Las sentaba cómodamente frente al balcón
abierto para que la luz del mar indagara en sus rostros. Sólo una lo convenció
de haber de veras perdido un anillo; lo describió en detalle y se marchó,
apesadumbrada por haberlo molestado. Otras ‑algunas bastante atractivas o
incluso muy, muy bonitas, vestidas para seducir‑ se habrían conformado con un
resultado diferente de la visita si no lograban salirse con la suya al
inventar su descripción del anillo. Parecían calcular que un anillo es un
anillo: si es valioso, debe tener diamantes, y una o dos tuvieron el ingenio
suficiente para decir que sí, que llevaba otras piedras preciosas, pero era
una herencia (abuela, tía) y no sabían en realidad los nombres de las
piedras.
¿Y el color? ¿La forma?
Se marchaban como ofendidas; o si reían con
nerviosismo culpable era que sólo habían venido por aventurarse, para
divertirse un poco.

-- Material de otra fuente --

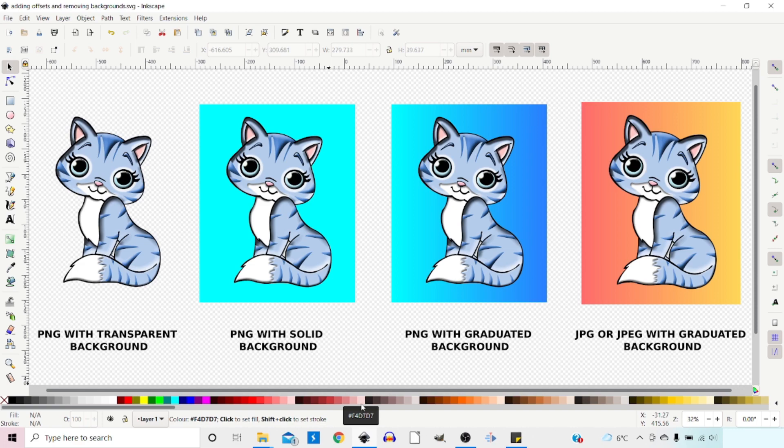Hello and welcome to another video on Inkscape. In this video I'm going to be looking at how we can remove the background from PNG images and JPEG images and how we can add borders.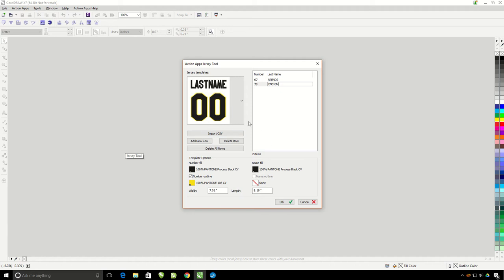This would work really well if you're doing like 10 jerseys. However, if I have like 50 different jerseys to do, this might become tedious. You'll notice right here there's an import CSV option. So if you have a spreadsheet file of the names and numbers for your team, you can simply import the spreadsheet.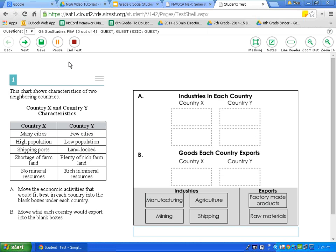The final icon up here is the end test button. This button will submit the test for you — do not click it until you are finished. Be sure to click this button once you are done. Review all of your answers, click on the questions drop-down to make sure you have not missed any questions marked for review, and then simply hit the end test button.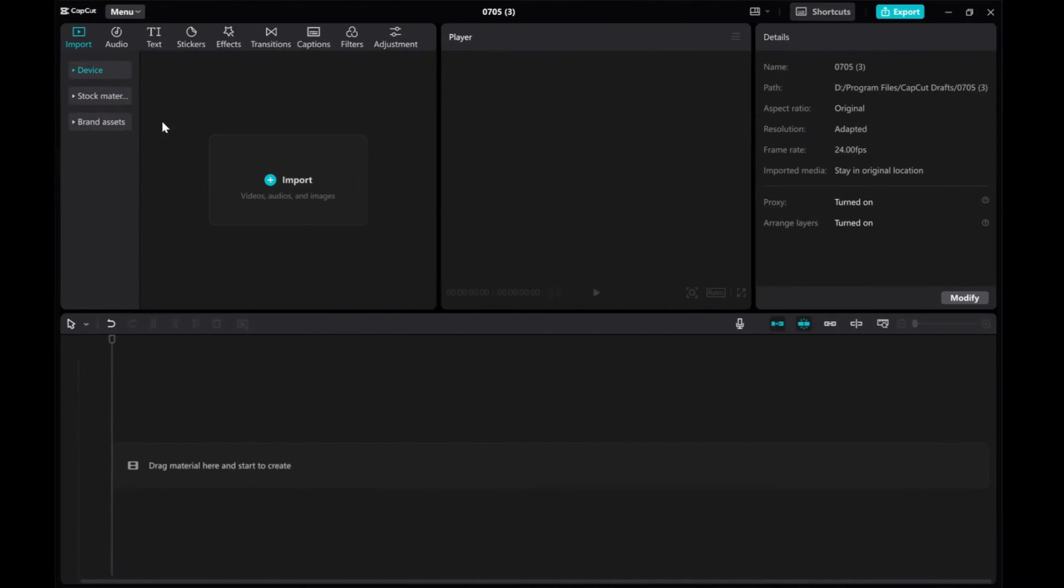In this tutorial, I'll show you how to create a black and white invert wipe animation in CapCut PC.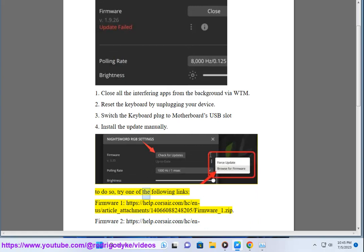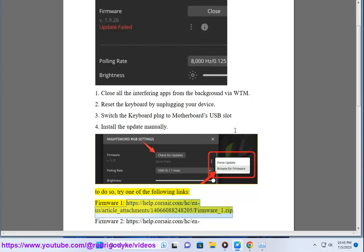To do so, try one of the following links. Firmware 1, https://help.corsair.com/hc/n-a/article_attachment/066088248205/firmware_1.zip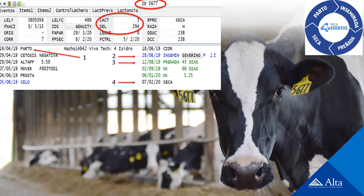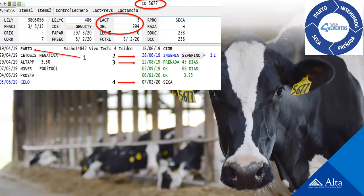Los cuatro eventos que tiene la vaca son el parto, la inseminación única —resultó preñada de ese evento de inseminación— y después tuvo un evento seca. Por supuesto que tuvo más registros durante la lactancia, pero todos tienen que ver con un manejo de la transición y un manejo reproductivo programado y sistematizado, el cual lo atravesó sin ninguna complicación. El resto de los eventos registrados tienen que ver con el manejo preventivo del establecimiento para encontrar vacas problema.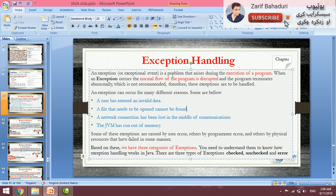An exception is an event or a problem that arises during the execution of a program. When an exception occurs, the program terminates abnormally. The code does not execute completely, and your program will not run properly if you don't understand exception handling.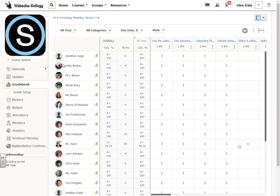Hello everyone, this is Glenn Irvin and this is a quick video about creating progress reports for your students or parent teacher conferences.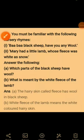On the topic of fiber and fabric, you must be familiar with the following nursery rhymes: 'Baa Baa Black Sheep, have you any wool?' and 'Mary had a little lamb, whose fleece was white as snow.' So the first question is: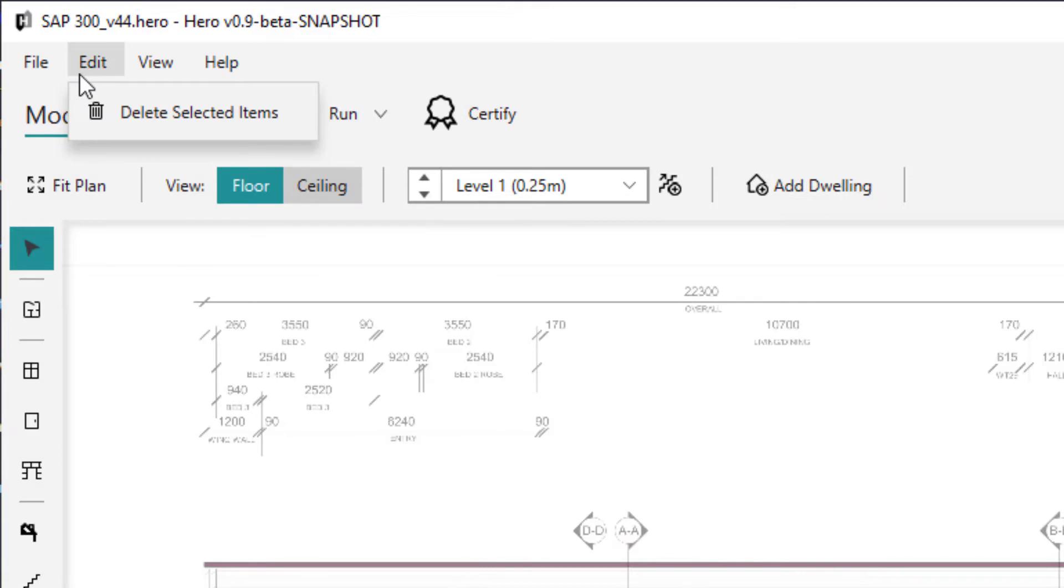The edit menu currently only allows you to delete any selected items in the visual or data grid views, similar to using the keyboard shortcut delete.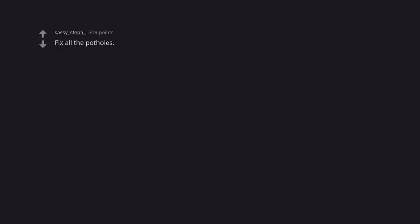Fix all the potholes. I read plot holes. I'd be equally just as happy too.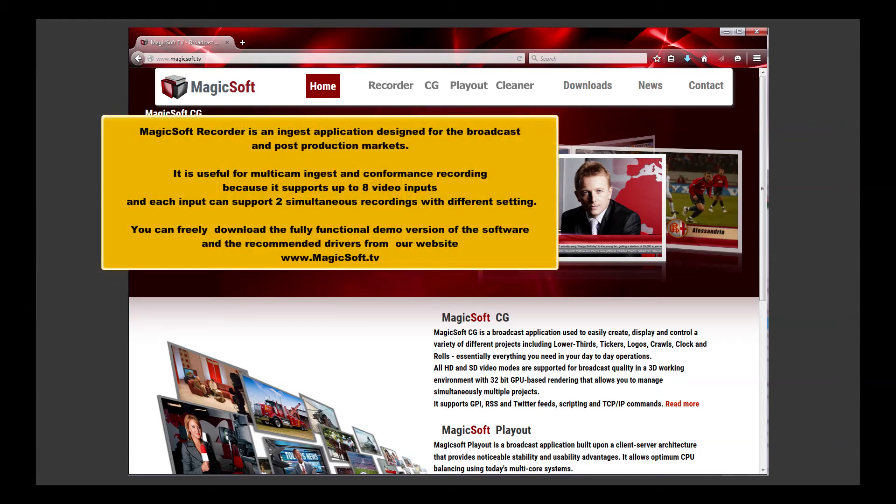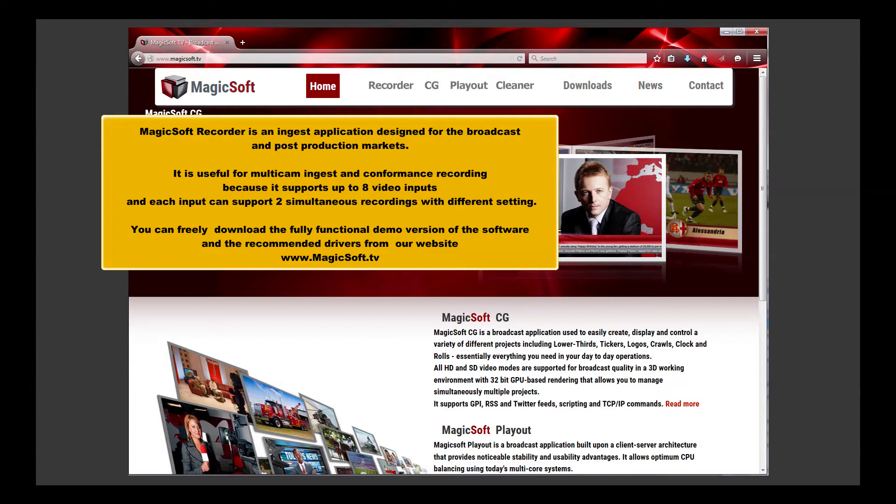MagicSoft Recorder is an ingest application designed for the broadcast and post-production markets. It is useful for multi-cam ingest and conformance recording, because it supports up to 8 video inputs, and each input can support two simultaneous recordings with different settings.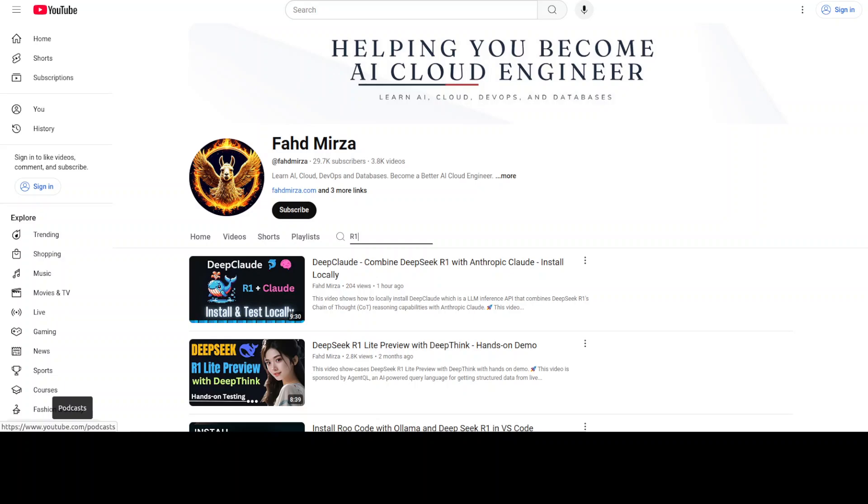Hi everyone, this is Fahad Mirza and I welcome you to the channel. Everyone is talking about R1 and everyone wants to run it. We already have covered R1 in various videos in the last couple of weeks. I have shown you how you can get it installed in full, how you can run the distilled models, and so on.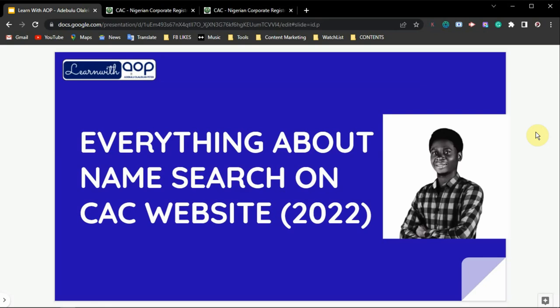Welcome to this video. In this video I want to show you everything you need to know about name search on the CAC website — the 2022 update. This is the latest update on name search on the CAC website.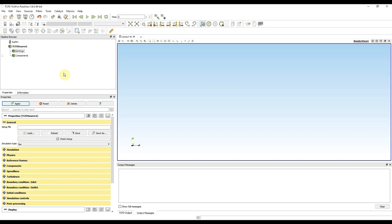Hello, my name is Peter Škabla. I'm a CFD support engineer and in this video I will show you how to set up a pump tutorial from scratch.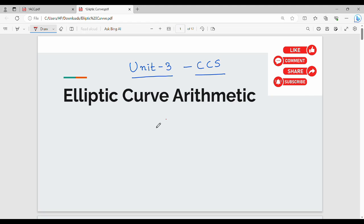Hi friends, welcome back. In this video, the next topic is elliptic curve arithmetic. From an exam point of view, this is an abstract question, but I will try my best to simplify it. So key points only — just build up for the exam.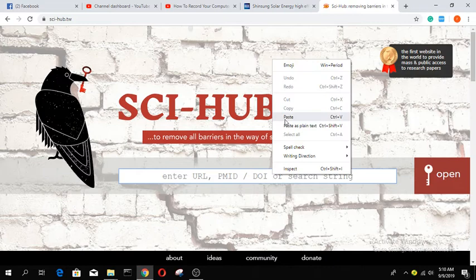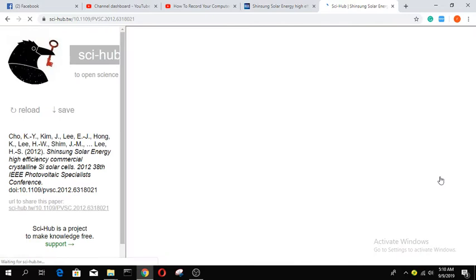We will paste the DOI number here and open the link. We have to complete the process.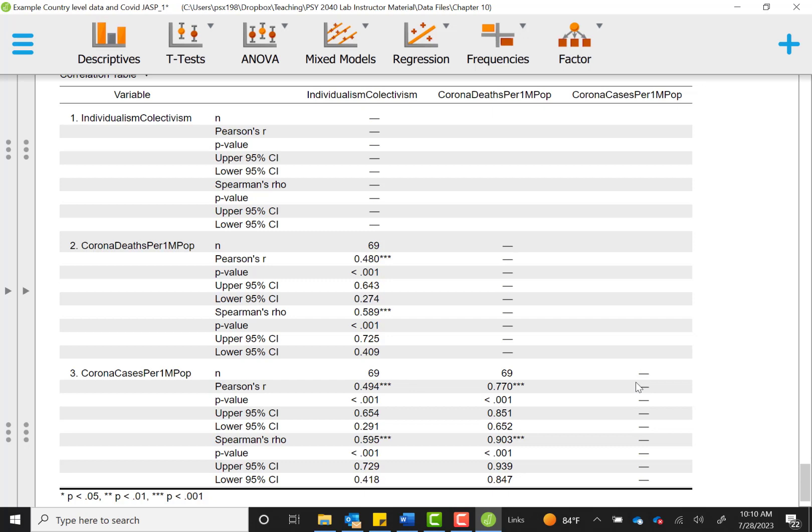For a full example of a write-up, you can refer to your textbook to the Putting It All Together section, but this gives you the main steps for running a correlation both with Pearson's R and Spearman's rho for when you run into issues with non-normal data.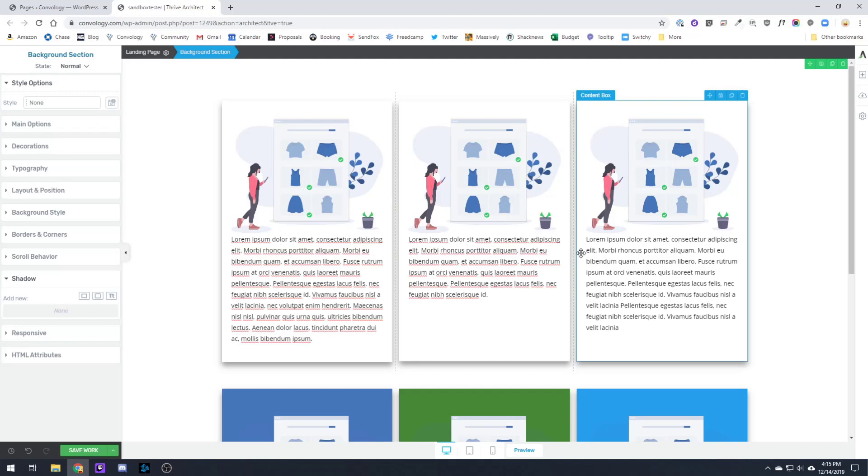If you have any questions, feel free to comment in the blog post or on the video here in the description, and I will be happy to answer your questions. Again, this is Doug with Convology. That was a quick tutorial that I hope will help you out in your designs.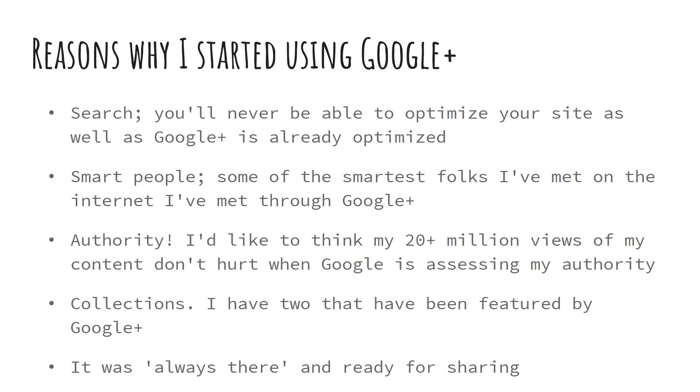Authority. Google grants authority based on content viewing and sharing. And my content, thanks to a couple of my collections, has over 20 million views. And I don't think that hurts me at all.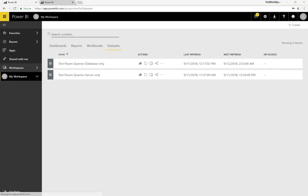Hey, everyone. Just wanted to share something with you. I wanted to show you how to set up a Power BI report based on SQL Server with the server name and database name parameterized for a semi-multitenant situation, and then to set up the gateway and schedule refresh and all of that.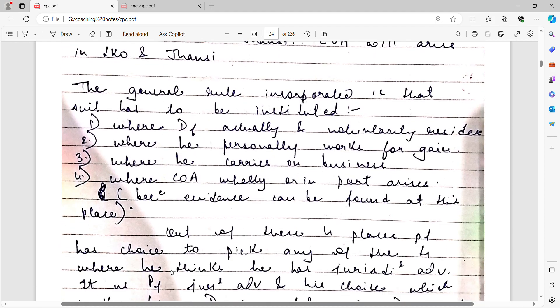Now if we look at the general rules about where a case should be filed based on territorial jurisdiction, we get four to five key points. First, where the defendant actually or voluntarily resides — the plaintiff files the case where the defendant is residing. Second, where the defendant works for gain — where he carries on his business. Third, where the cause of action wholly or in part arises — even if only part of the cause of action arises at a place, the case can be filed there.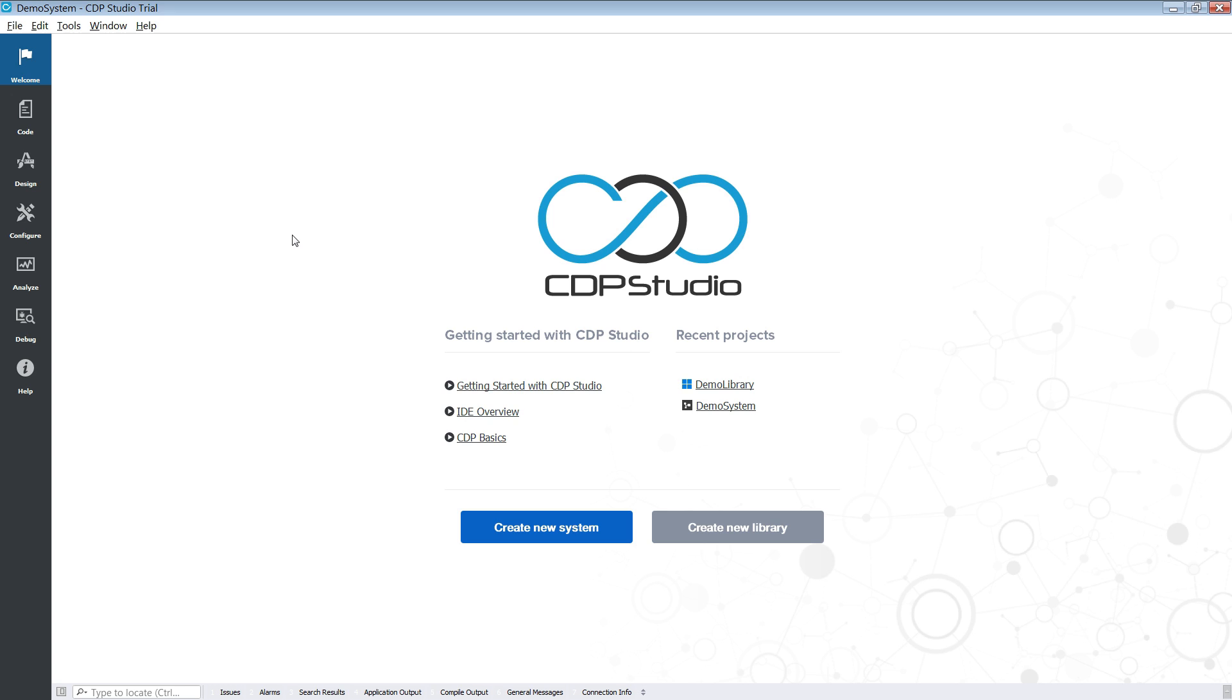Hello and welcome to this CDP Studio tutorial. In this video we will walk through the user interface and introduce the different modes available in CDP Studio.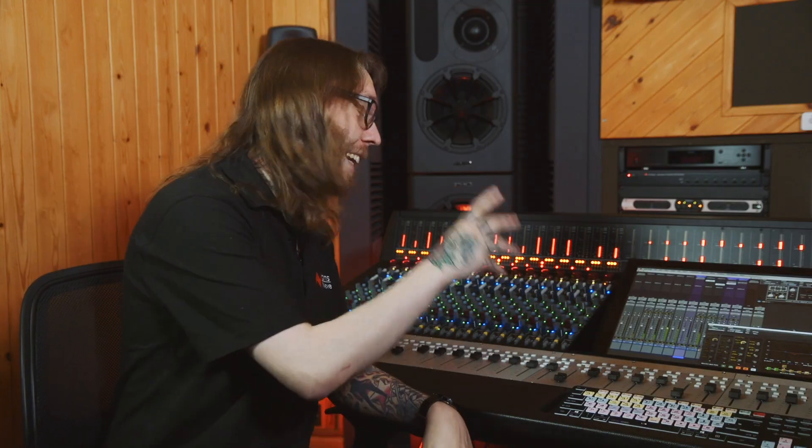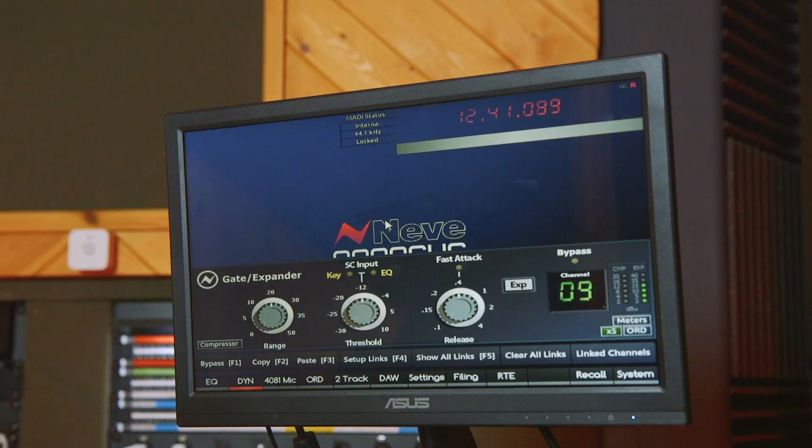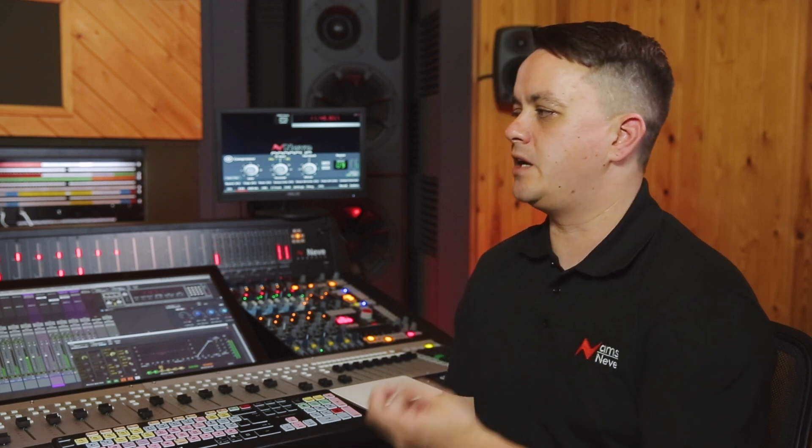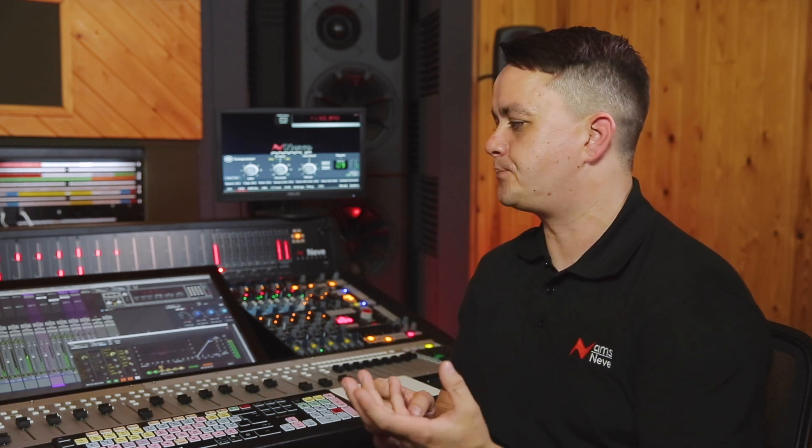The gate expander is another really useful feature of the console. It's got a nice release to it which is like a more natural decay. I found it sounds really good on toms and even on snare drums.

Y era bien difícil deshacerse de ellas de manera educada.
Pero hubo una cuya voz era diferente a la de
cualquiera de las demás llamadas, quizás la voz dominada de una cantante o
actriz, que expresaba timidez. Había perdido toda esperanza. De encontrarlo...
mi anillo. Había visto el aviso y pensado no, no, es inútil. Pero ¿y si había
una posibilidad en un millón...? Le pidió que viniera al hotel.
Con seguridad tenía cuarenta años, una belleza
innata de grandes ojos serenos de un gris verdoso, que sólo necesitaba ayuda
para conservar el color negro azabache de su cabello, que, comenzando en un
penacho de forma de pico que se elevaba sobre la frente curva, se recogía en
un bucle sobre la coronilla, brillante como plumas suavizadas. No había
huellas de ningún pliegue allí donde se unían sus senos, firmemente separados
en el escote de su vestido, tan negro como el cabello. Tenía manos hechas
para anillos; extendió unos dedos largos, volteó las palmas hacia afuera: Y
entonces se perdió; vi su reflejo por un instante en el agua.
Descríbalo.
Lo miró a los ojos, volvió la cabeza para
apartar la mirada, y comenzó a hablar. Muy trabajado, dijo, platino y oro...
Usted sabe, es difícil de precisar cuando se trata de un objeto que uno ha
usado durante tanto tiempo, que ya ni lo nota. Un diamante grande... varios.
Y esmeraldas, y piedras rojas... rubíes, pero creo que se habían caído
antes... Fue al cajón del escritorio tocador y de debajo de unas carpetas que
describían restaurantes, programas de TV por cable y servicios disponibles en
la habitación, extrajo un sobre. Aquí tiene su anillo, dijo. Los ojos de la
mujer no cambiaron. Lo extendió hacia ella. Su mano se dirigió lenta hacia
él, como si nadara bajo el agua. Tomó el anillo y comenzó a ponérselo en el
dedo corazón de la mano derecha. No le servía, pero ella corrigió su
movimiento con veloz acto de prestidigitación y se lo deslizó sobre el dedo
anular, donde se acomodó.
La llevó a cenar y no se hizo alusión al tema. Nunca
jamás. Ella se convirtió en su tercera esposa. Viven juntos y no hay entre
ambos más cosas no dichas que las que se dan en otras parejas.